Call accounting software is generally used to retrieve and
process the CDR data. This system can be called a billing support system (BSS)
and in this system the price of the call will be calculated. Billing CDRs can be
used to support the operations of a telephone company by providing information
on faulty calls and measures of the amount of traffic taken along particular
routes.
DoT Regulations
As per the Department of Telecommunications guidelines, issued on April 15,
2009, the SPs should make arrangements for monitoring simultaneous calls by the
government security agencies. The hardware at SP's end and the software required
for monitoring calls should be engineered and provided, installed and maintained
by the SP at its own cost. Keeping in view of the large number of subscribers
and additional 8-12 mn being added every month, the cost of CDR goes up.
The interface requirements as well as the features and
facilities-as defined by the authorities-should be implemented by the SPs for
both data and voice. Presently, SPs should ensure suitable redundancy in the
complete chain of monitoring equipment for trouble-free operations and
monitoring at least 210 simultaneous calls for seven security agencies.
"SEBI has also put in a request for having access to CDR. And
the government is considering to give access to the authority. The number of
agencies having access to CDR could grow to eight," says a senior official of a
leading mobile operator pleading anonymity.
Along with the monitored calls, database of called or calling
party, mobile or PSTN numbers should be maintained. The record should also have
time, date, duration of interception, and location of target subscribers. At
present, cell ID should be provided for location of the target subscribers.

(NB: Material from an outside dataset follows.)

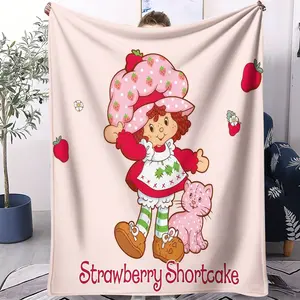 Strawberry Shortcake Blanket, Cute Cartoon Little Girl Pattern, Suitable For Sofas, Camping, Outdoor, And Travel Airplane Covers For Teenagers, Boys, And Girls, Perfect For Birthday Gifts, Happy Blanket Gifts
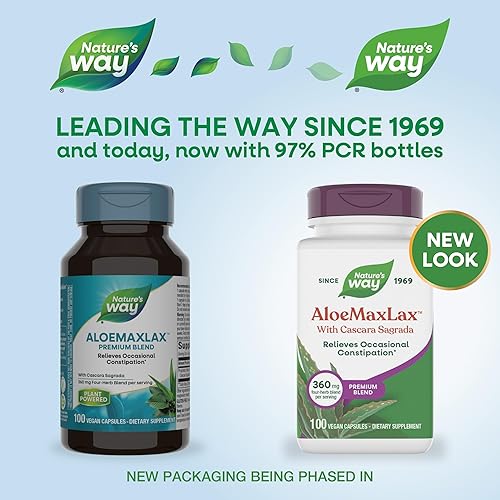 Miniatura 2 de Nature's Way AloeMaxLax con Cascara Sagrada, alivio ocasional del estreñimiento*, 100 cápsulas veganas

Further, authorities may issue directions from time-to-time on precision of
location, based on technological developments, and integration of GPS which is
binding on the SP.
Challenges
Usually CDR is offloaded from the billing system on a regular basis (usually
linked to the billing cycle) and needs to be kept in a system that not only
protects the data from mutation and corruption; but also in a way, whereby
telecom companies are able to find this data easily whenever needed. Many a
times, investigative agencies approach telecom companies in order to know about
call records of specific customers which they require in a short span of time
(sometimes even hours). This means that this data cannot be offline. Also, since
this data is old and hardly accessed, telecom companies will save a lot of money
by compressing it. Encrypting this data is usually required as it contains
sensitive personal information. The EU mandates telecom companies to encrypt CDR
data under data privacy laws.
"Capacity of the server is the key challenge for CDR
archiving, keeping in view of the number of subscribers going up and at the same
time call cost going down. A new project on CB-CDR is underway which will solve
our problem," says AK Dinkar, GM operations, MTNL, Mumbai.
A lot of things can go wrong when data is stored over a long
period of time like corruption, accidental deletion, etc. The system should have
provisions to detect any corruption in data and heal the data automatically, so
that when the investigative agencies ask for the data, it can be searched and
read easily. Ability to apply retention policy (write-once-read-many) is
definitely a great feature to have in the system which will protect the CDR from
being modified after it is created.
Many telecom companies keep the CDR data on tier-3 (typically
a bunch of SATA drives), thinking that they are keeping the data online (for
quick search and recovery). And at times on the 'cheapest' disk; but what these
organizations do not realize is that the real cost in keeping CDR for long term
is the backup cost. Even the cheapest SATA drives will require backup data and
that's where the real cost lies. CDR data is not even changing and backing up
information (incremental and full) that never changes and it is a waste of
resources and money. This is where storage solutions designed for archiving
information help in reducing the cost of storing CDR for a long term while
de-risking it by ensuring data immutability, availability and search.